About two years ago, when it was built in a brand new building in some remote part of Seattle, maybe it's okay there, but I don't think that in the Dupont Circle neighborhood that this fairly substantial piece of equipment should be installed on top of a very delicate building that has a very nice scale to it.

Davidson is talking about the Bullitt Center in Seattle, which has an even more prominent solar array. That's far from a "remote" part of Seattle; it's close to downtown Seattle and right near the Capitol Hill neighborhood, one that has a lot in common with Dupont Circle.


The Bullitt Center, Seattle. Image from Google Maps.

(Interestingly, this isn't even the first time Davidson has suggested some architecture should stay in Seattle and far away from DC.)

Other HPRB members Joseph Taylor (Georgetown University) and Capitol Hill activist Nancy Metzger all criticized the canopy as well.

Rauzia Ally, a Dupont Circle resident and architect, questioned this bandwagon effect of taking sustainability less seriously. "I worry about some of the things Mr. Davidson is saying about overall huge canopy structures to achieve net zero goals. I think it's a very laudable goal to try to make this a net zero building."

Chair Gretchen Pfaehler (Beyer Blinder Belle) took a somewhat middle ground, supporting the idea of the solar panels ("I am all for this idea. I think it is great; I commend you on it," she said) but asking AGU to redesign it "to look at the way the array could grow from it in a more organic fashion."

Climate change can't be a problem for someone else to solve

Climate scientists recently concluded that they'd been too conservative in predicting what greenhouse gases would do the planet; the sea level may rise twice as much as previously thought.
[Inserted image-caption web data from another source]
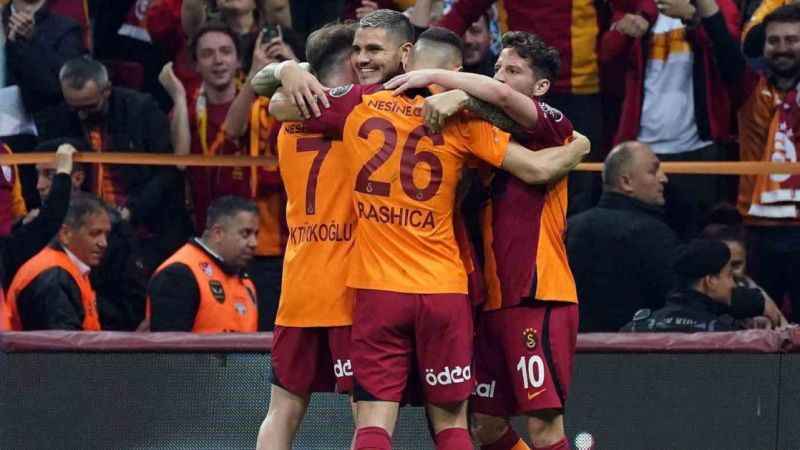 Galatasaray, Kayserispor'u gol yağmuruna tuttu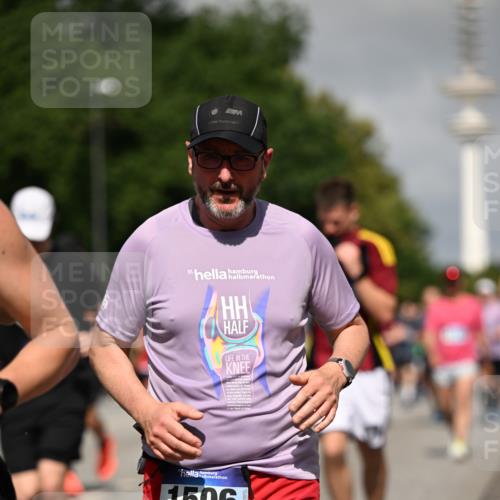 29.06.2025 - hella hamburg halbmarathon Dr. Thomas Lammeyer http://msf.ph/oto/8516191 29.06.2025 10:03:17 Kennedybrücke 1319, 1366, 1506, 1595, 1715, 1719, 1914, 2282, 2630, 2741, 2911, 4120, 4426, 4467, 4837, 4839, 5277, 5299, 5391, 5457, 5458, 5465, 5866, 6416, 6585, 7033, 7037, 7129, 7130, 7395, 7833, 7864, 8509, 8542, 8652, 8929, 9142, 9655, 9884, 9903, 9922, 10020, 10266, 10488, 10518, 10519, 11039, 11041, 11068 meine-sportfotos.de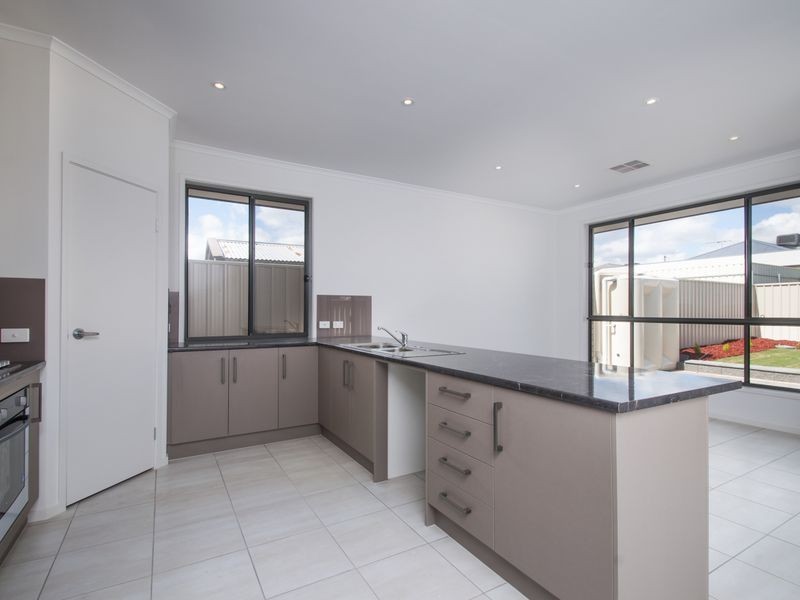 24A Alderman Avenue, Seacombe Gardens SA 5047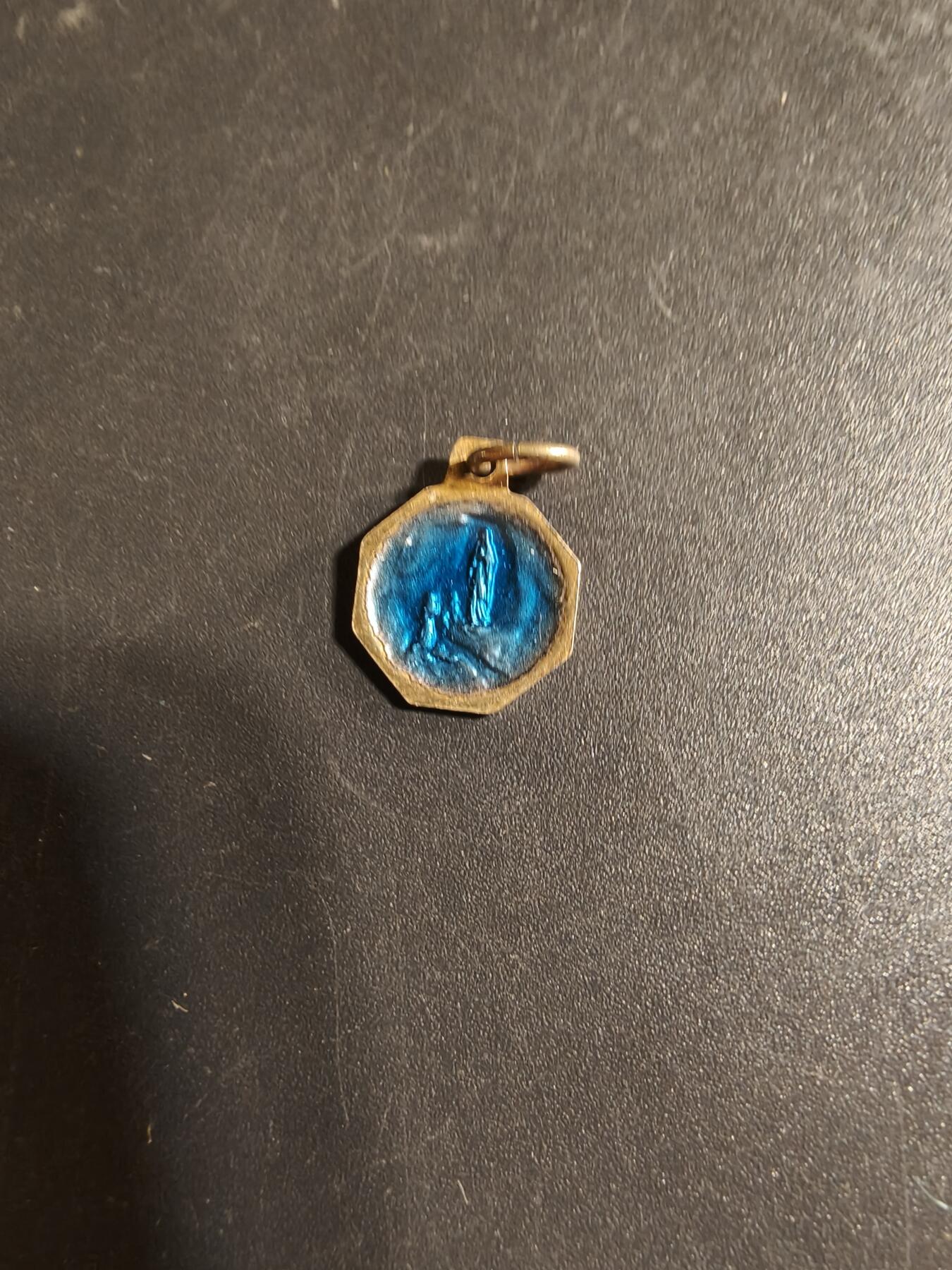 老王徽章第168期 法国天主教会纪念章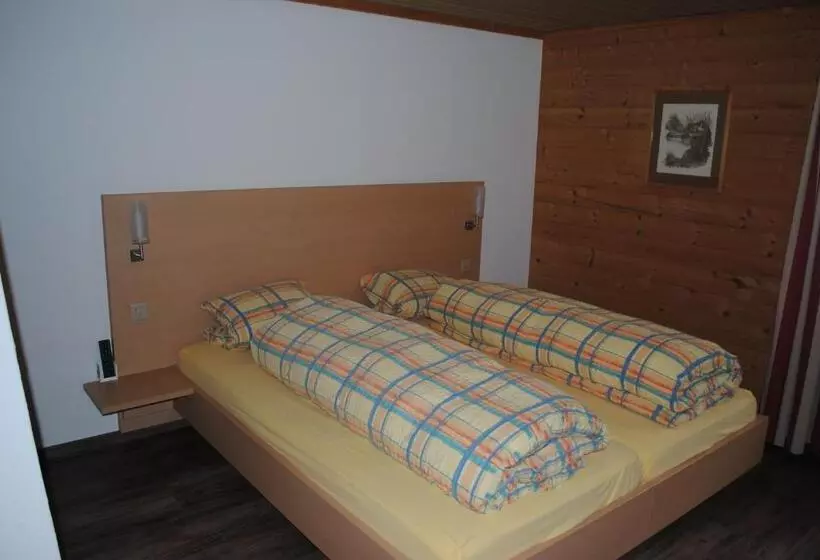 Hotelli Des Alpes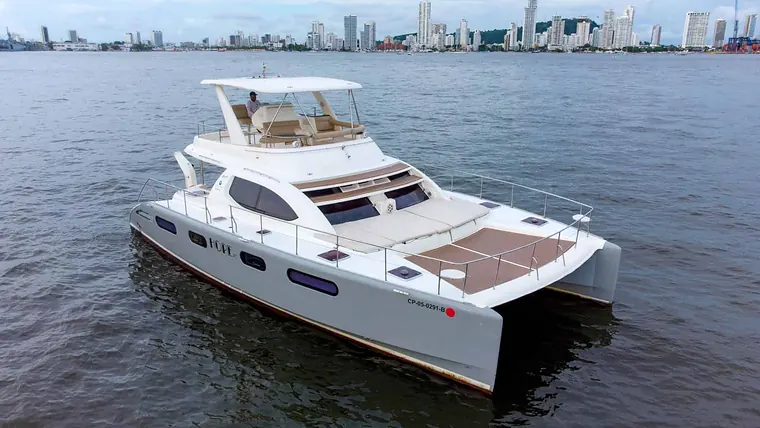Power catamaran 47’ Powercat in Cartagena (photo 1 of 20)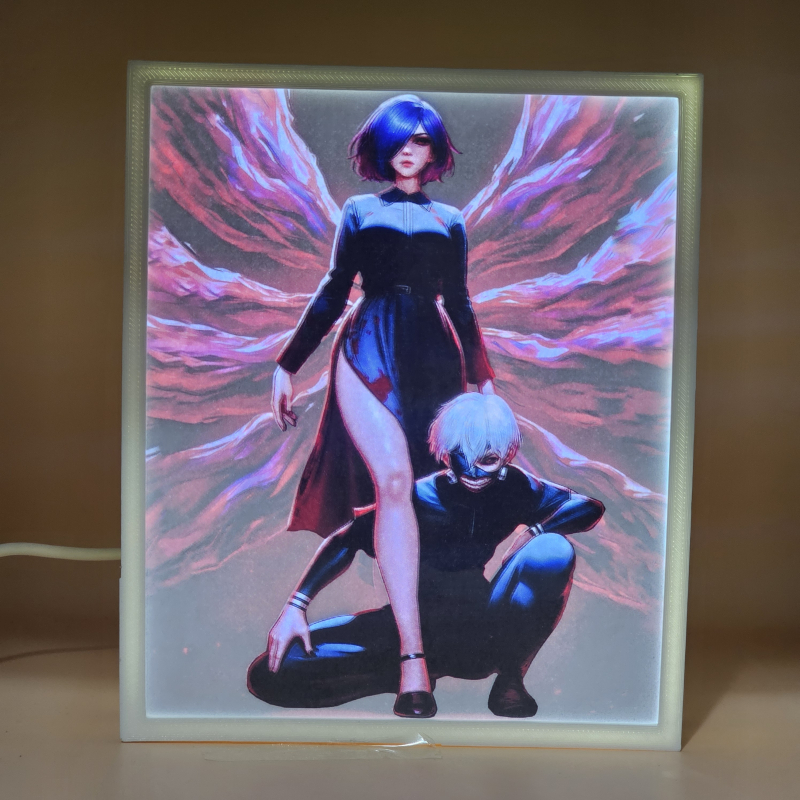 Lámpara ánime/manga  Tokyo Ghoul  con doble imagen de la pareja Ken Kaneki y Touka Kirishima, vista encendida, donde se revela la ilustración completa al encender la luz LED.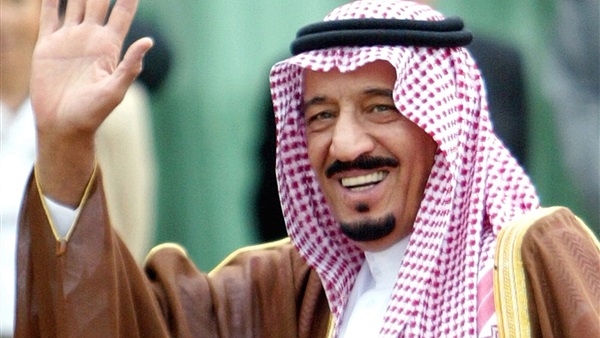 سلمان يزور القاهرة لأول مرة منذ توليه الحكم في المملكة.. علاقة «سلمان» بمصر بدأت بالمشاركة في حرب 1956.. وتعددت موافقة منذ ذلك التاريخ وحتي اليوم.. والسيسي يشير إلي تعاون الملك بالعودة للتاريخ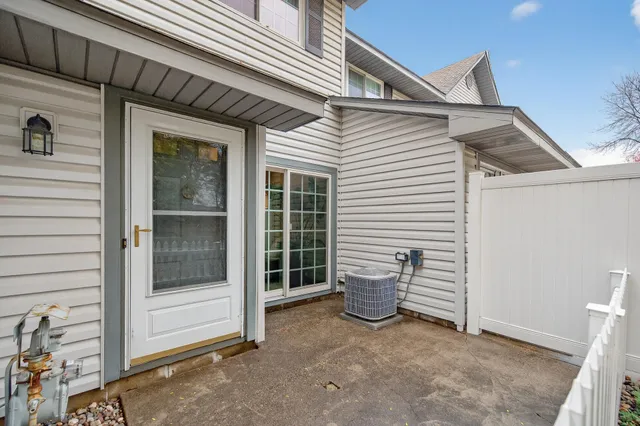 $244,900 | 2597 Bedford Court, Unit 27, Mendota Heights, MN 55120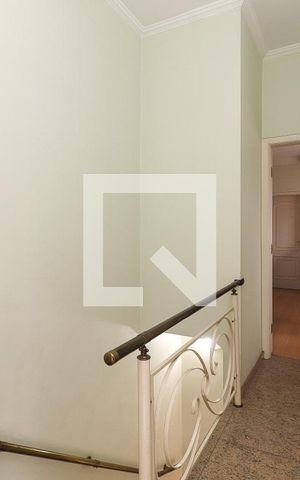 Casa à venda com 180m², 3 quartos e 4 vagasCorredor dos Quartos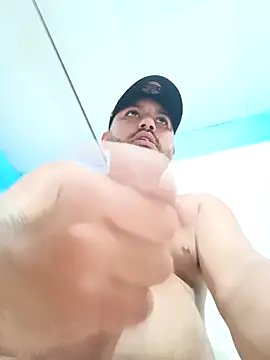 Snapshot of Frank0021 chatting on October 2025 10:52:01 PM Frank0021 online show from October 2025 10:52:01 PM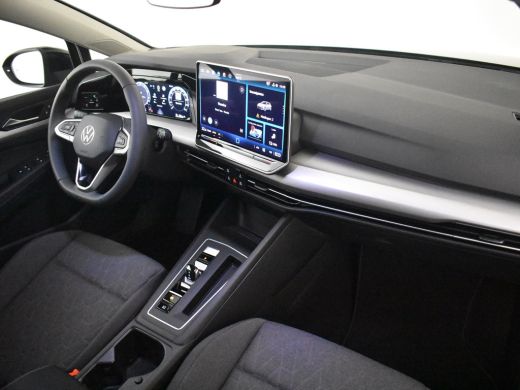 Volkswagen Golf Life Edition eHybrid | 'App-Connect' draadloze smartphone integratie | Achterbank in ongelijke de... ActivLease financial lease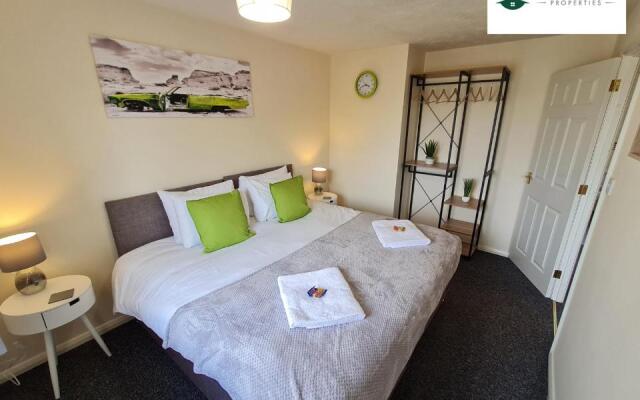 3 Bedroom house near Coventry City Centre with Wi-fi, driveway & garden - 16RWC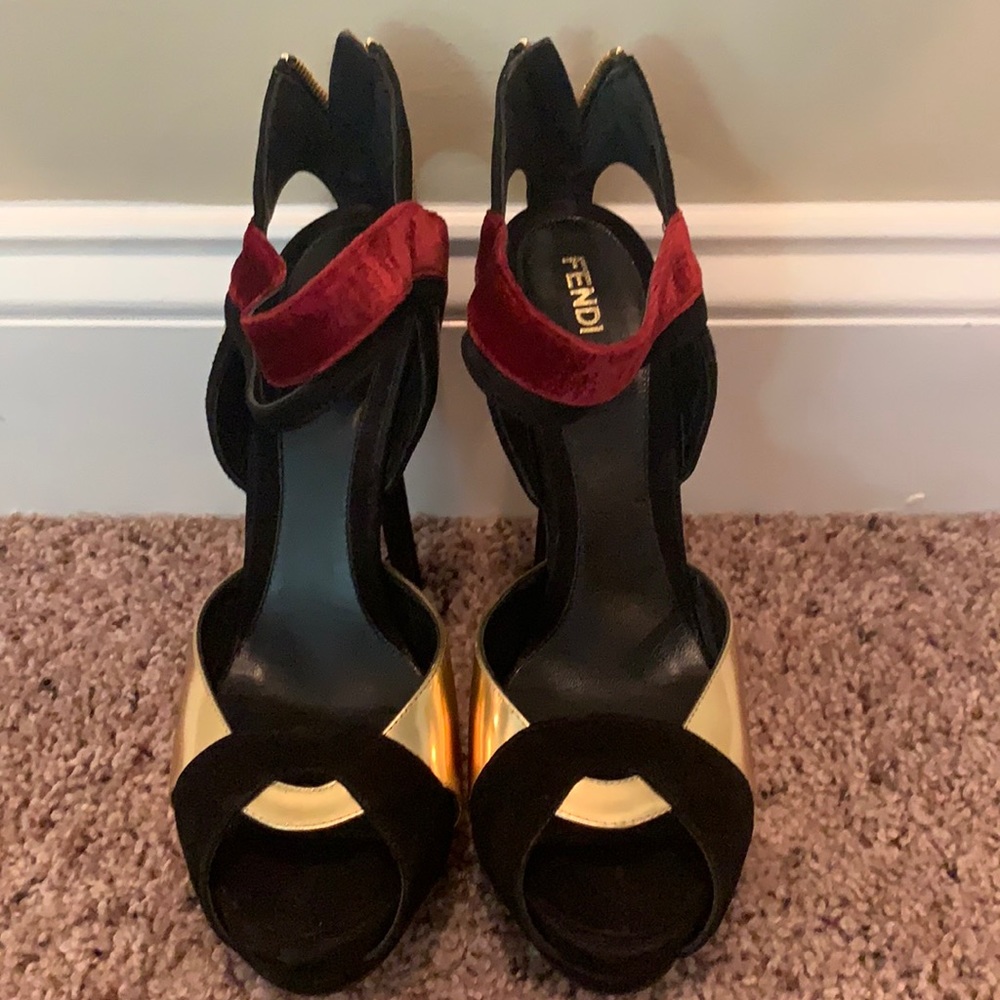 Perfect! AUTHENTIC FENDI PUMP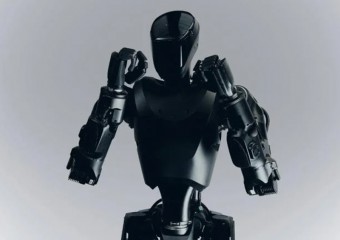 Україна розпочала випробування гуманоїдних роботів Phantom MK-1 на полі бою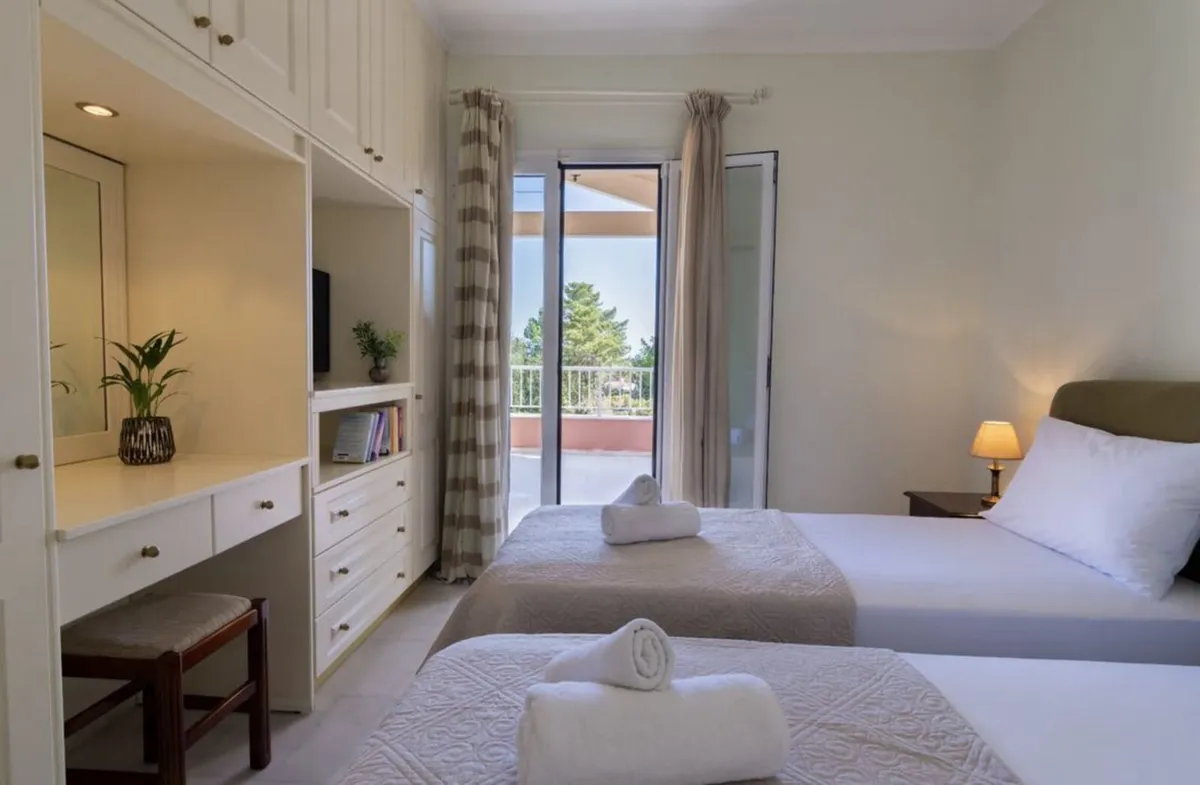 GORGEOUS VILLA CORFU FAIAKES GREECE - Image 4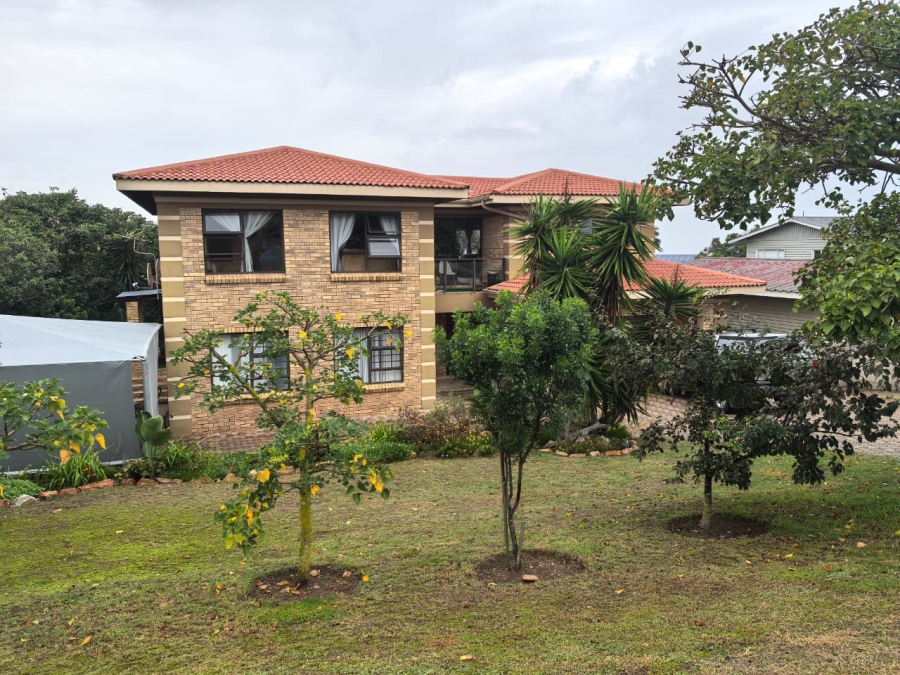5 Bedroom Property for Sale in Reebok Western Cape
That could decimate New Orleans, Miami, and Boston, and cause huge displacement in many other coastal cities, not to mention disaster for millions around the globe. To forestall this requires everyone to do their part, not to suggest that historic districts are exempt, especially from projects that neighbors support (though HPRB ought to be willing to support such things even when neighbors are more divided).

DC's 2012 sustainability plan calls to "retrofit 100% of existing commercial and multi-family buildings to achieve net-zero energy standards" by 2032. While that's ambitious and perhaps unlikely, it certainly can't happen if HPRB says no the very first time someone tries.

Seattle, in fact, now allows extra variation from zoning for buildings which go unusually far to reduce net energy or water usage. Buildings which aim to hit sustainability targets deserve more leeway, not less.